The harsh environment did not make for easy living. Lack of water, which often had to be recycled many times before being discarded, was always a problem. The situation was so critical that the Government in 1924 built a 2,000,000-litre tank which partly solved the problem, allowing water to be rationed at 110 litres per person per week.
The area suffered during the Depression years (1930’s) when opal prices bottomed out. The discovery of the Eight Mile field in 1945 by Toddy Bryant, an Aboriginal woman, caused a great sensation. Her discovery of opal within 20 centimetres of the surface was a turning point in the history of the field and went a long way towards establishing Coober Pedy’s future prosperity.
Today Coober Pedy remains a thriving mining town, and the home of light opal. It has also become a popular tourist site, because of the extreme heat miners were known to dig out homes underground, these underground dugs out have known to include pools and even a church.
An aboriginal name, Andamooka is believed to mean “large waterhole”. The area was discovered by John McDouall Stuart in 1858 and settled in 1872. It is one of Australia’s famous opal fields, having produced some of the most beautiful crystal opal ever found.
Situated 600 kilometres north of Adelaide by sealed road, it has a floating population of between 600 and 1,000, depending on the season.

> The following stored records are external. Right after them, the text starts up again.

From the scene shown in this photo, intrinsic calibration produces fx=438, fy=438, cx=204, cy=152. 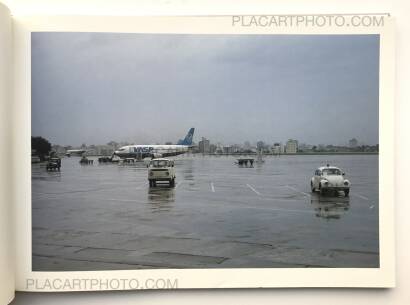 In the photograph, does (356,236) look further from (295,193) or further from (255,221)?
(255,221)

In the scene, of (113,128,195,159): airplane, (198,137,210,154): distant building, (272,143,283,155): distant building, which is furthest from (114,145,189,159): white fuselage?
(272,143,283,155): distant building

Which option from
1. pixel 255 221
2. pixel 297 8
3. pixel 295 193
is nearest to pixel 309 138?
pixel 295 193

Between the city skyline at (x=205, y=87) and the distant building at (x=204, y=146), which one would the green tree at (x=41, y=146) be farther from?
the distant building at (x=204, y=146)

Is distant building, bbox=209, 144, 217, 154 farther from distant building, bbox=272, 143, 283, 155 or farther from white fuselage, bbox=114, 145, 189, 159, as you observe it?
distant building, bbox=272, 143, 283, 155

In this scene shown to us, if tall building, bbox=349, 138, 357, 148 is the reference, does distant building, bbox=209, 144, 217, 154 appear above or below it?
below

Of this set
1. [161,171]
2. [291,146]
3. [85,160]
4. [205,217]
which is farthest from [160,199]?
[291,146]

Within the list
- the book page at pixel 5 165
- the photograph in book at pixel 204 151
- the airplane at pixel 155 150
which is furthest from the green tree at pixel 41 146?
the airplane at pixel 155 150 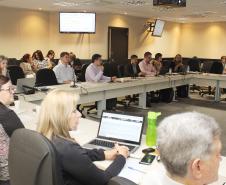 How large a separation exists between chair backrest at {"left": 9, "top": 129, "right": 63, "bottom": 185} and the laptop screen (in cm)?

Andamooka is the only town in Australia where the streets are not named and the main thoroughfare is a creek bed. Since the sealing of the road many of the tourist buses now make it their first northerly stop.
The area, once a great inland sea, is a treasure trove of many of Australia’s opalised prehistoric fossils. Like the fossils, the opal is found in levels up to 10 metres below the surface, with one patch at German Gully being so rich it was called the Bank of England.
Visitors to Andamooka soon learn it is an ideal place to shed the stress of modern life. The folk are friendly and searching the mullock dumps for opal makes for a great holiday. All the necessities of life are available, which include various types of accommodation, supermarket, chemist, cafes, souvenir shops, field tours and other attractions.
It was a torrential thunderstorm which led to the first discovery, when Shepherd picked up the first opal. He and Brooks, who were tank sinkers, were on their way to check their horses when a storm broke. They brought their find back to camp and showed Oxy Nugent, who had previously worked at Coober Pedy, and confirmed it was opal. However Nugent wasn’t interested in looking for opal after finding none in Coober Pedy.
The following weekend Brooks took several pieces into the homestead and showed Mr Foulis, the manager. He became very interested and sent out his bookkeeper, Alan Treloar, and Paddy Evans, a former opal miner from Coober Pedy, to investigate.
Everything possible was done to keep the discovery a secret and prevent a rush. To avoid forming tracks, no-one was allowed to travel back and forth by the same route - even Mr Foulis used a different way whenever he visited the men.
The first rush took place in 1933, establishing Andamooka, after Alan Treloar forwarded a parcel of gem quality opal to a friend at Coober Pedy for valuation.
It has since developed into one of Australia’s major opal fields with output at one time equaling in value that of Coober Pedy. Many people consider crystal opal from this field to be the finest in the world. It is a breathtaking experience to handle a gem from Andamooka.